*ACTIVITY*: Give back the exact lines of the material below from the one containing "Spring Pure Cashmere" through the one containing "เสื้อโปโลคอปก Twisted เสื้อถักแขนยาวผู้หญิง", and no pictures.

*DATA FOR THE TASK*:
◆ ◆ ◆

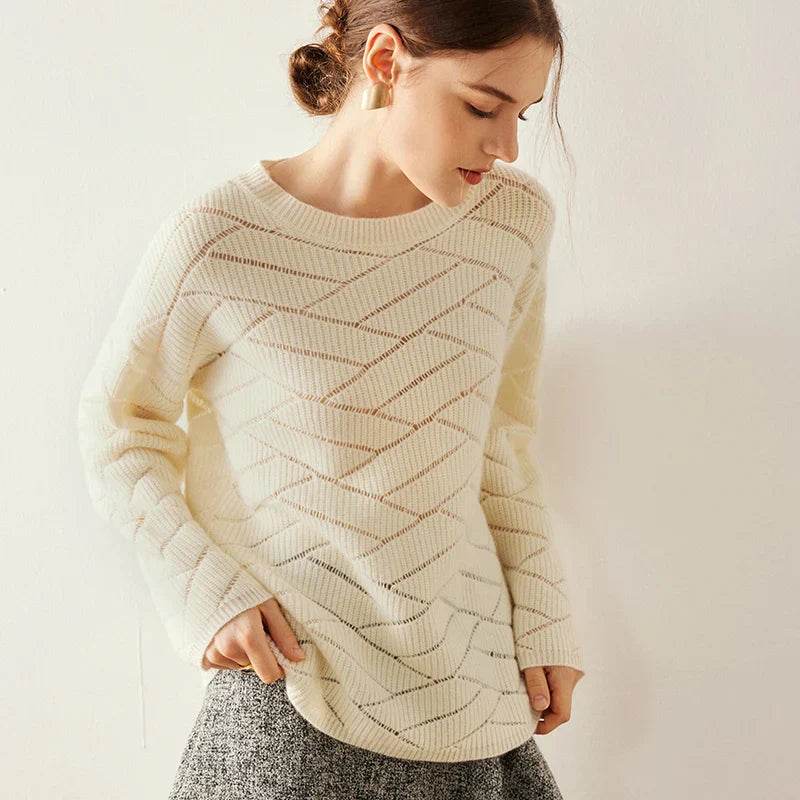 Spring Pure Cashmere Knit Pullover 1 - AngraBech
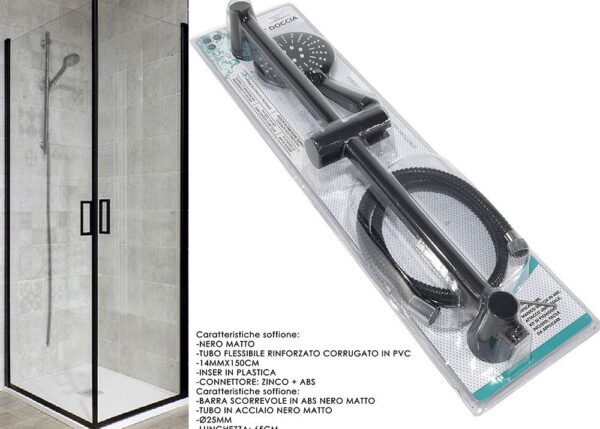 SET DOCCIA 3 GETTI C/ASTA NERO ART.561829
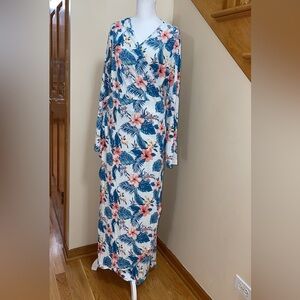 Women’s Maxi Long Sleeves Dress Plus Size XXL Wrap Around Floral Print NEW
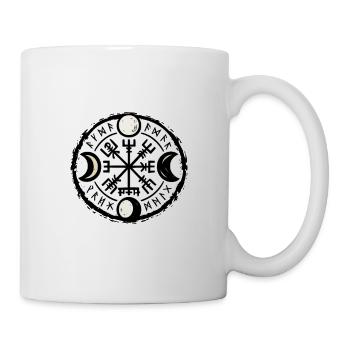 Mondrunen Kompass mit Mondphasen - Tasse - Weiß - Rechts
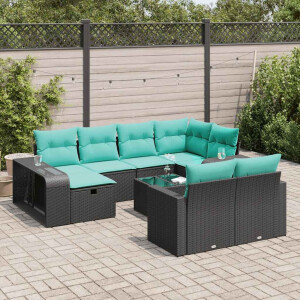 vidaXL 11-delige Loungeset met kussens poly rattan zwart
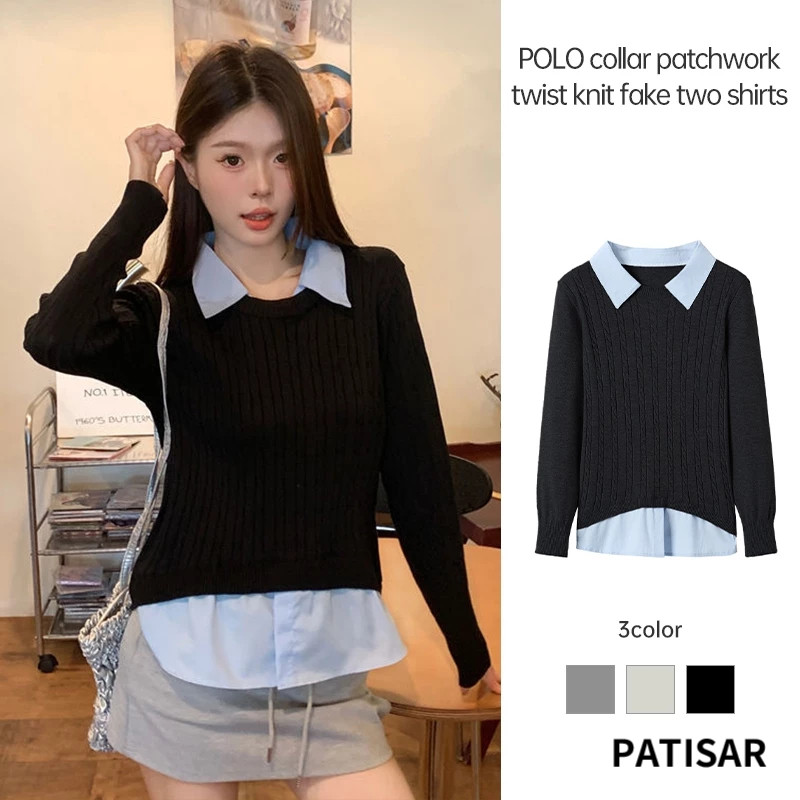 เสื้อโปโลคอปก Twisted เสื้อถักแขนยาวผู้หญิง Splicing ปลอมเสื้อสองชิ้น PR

◆ ◆ ◆

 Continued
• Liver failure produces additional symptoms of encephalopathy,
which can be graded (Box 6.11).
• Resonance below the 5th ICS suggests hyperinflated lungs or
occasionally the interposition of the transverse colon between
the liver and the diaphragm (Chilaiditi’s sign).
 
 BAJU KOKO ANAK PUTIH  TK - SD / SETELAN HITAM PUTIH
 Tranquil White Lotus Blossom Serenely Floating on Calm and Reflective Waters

◆ ◆ ◆

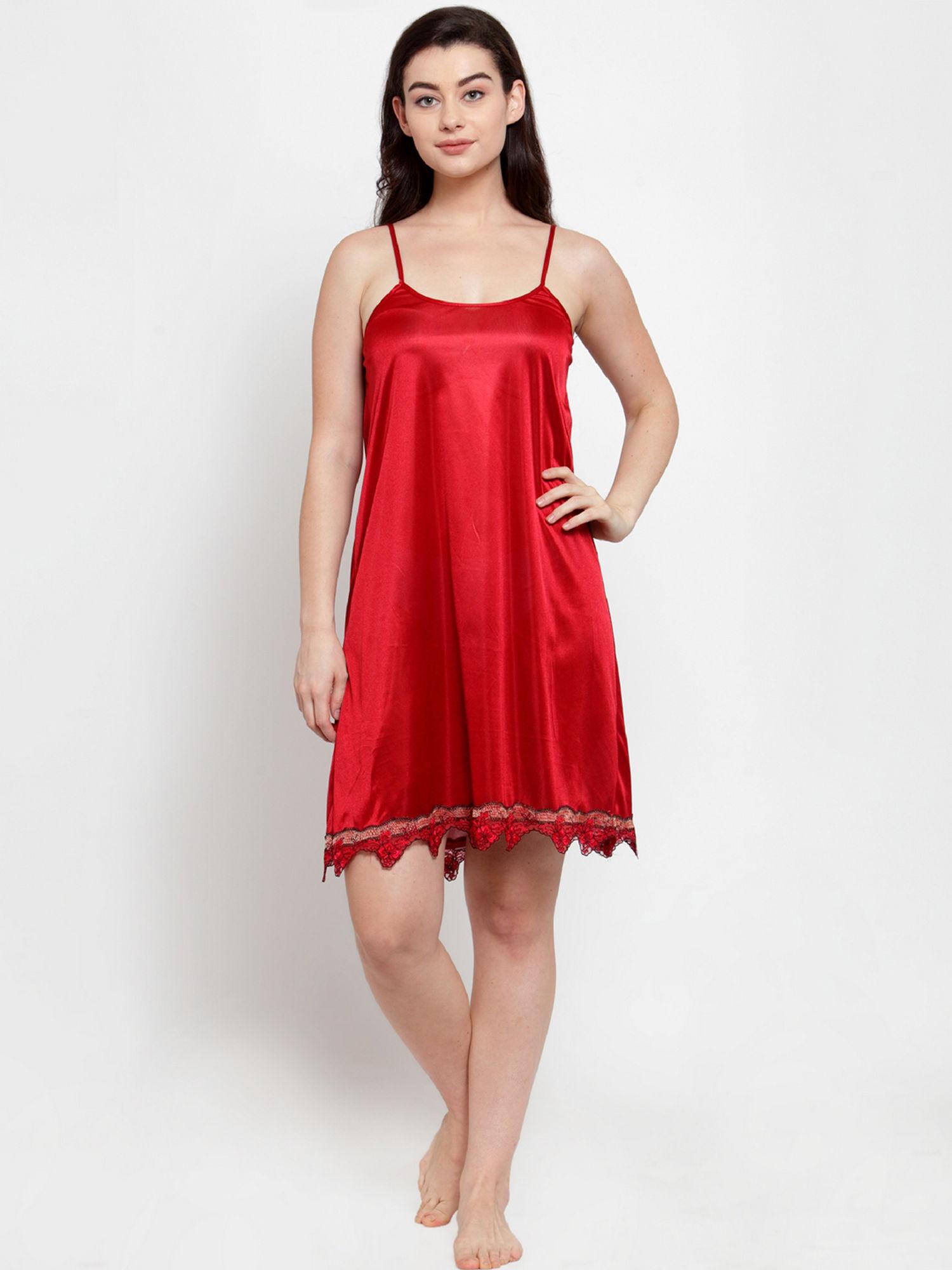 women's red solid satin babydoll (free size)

◆ ◆ ◆

*EXERCISE SOLUTION*:
 Spring Pure Cashmere Knit Pullover 1 - AngraBech
 SET DOCCIA 3 GETTI C/ASTA NERO ART.561829
 Women’s Maxi Long Sleeves Dress Plus Size XXL Wrap Around Floral Print NEW
 Mondrunen Kompass mit Mondphasen - Tasse - Weiß - Rechts
 vidaXL 11-delige Loungeset met kussens poly rattan zwart
 เสื้อโปโลคอปก Twisted เสื้อถักแขนยาวผู้หญิง Splicing ปลอมเสื้อสองชิ้น PR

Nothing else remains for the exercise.